─── Source data ───
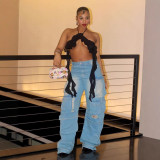 Women's Fashion Street Trendy Cut Straight-Leg Loose Denim Multi-Pocket Trousers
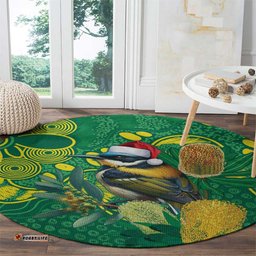 Aussie Honeyeaters Banksia Christmas Round Carpet Aboriginal Dots Painting Green Motif LT9
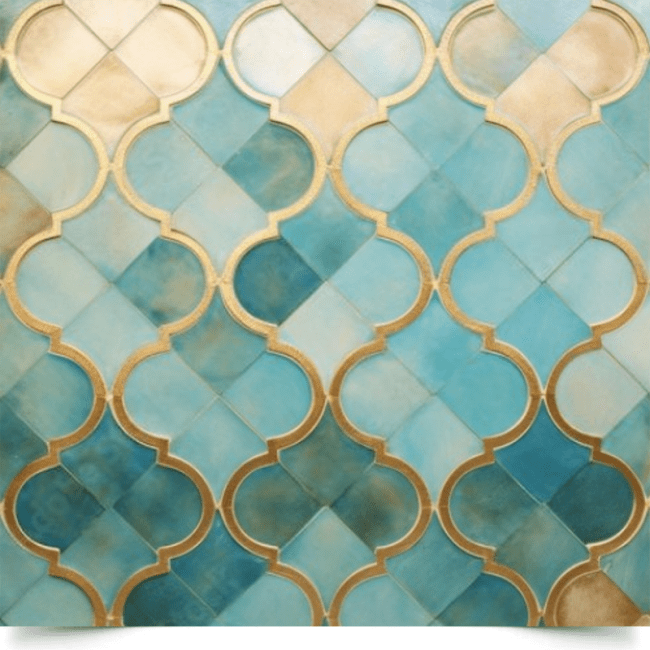 Вініловий фотофон Moroccan turquoise gold vintage ceramic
───
- Problem to work on -
A verbatim copy of the listing is required, with all pictures left out.

- Solved exercise -
 Women's Fashion Street Trendy Cut Straight-Leg Loose Denim Multi-Pocket Trousers
 Aussie Honeyeaters Banksia Christmas Round Carpet Aboriginal Dots Painting Green Motif LT9
 Вініловий фотофон Moroccan turquoise gold vintage ceramic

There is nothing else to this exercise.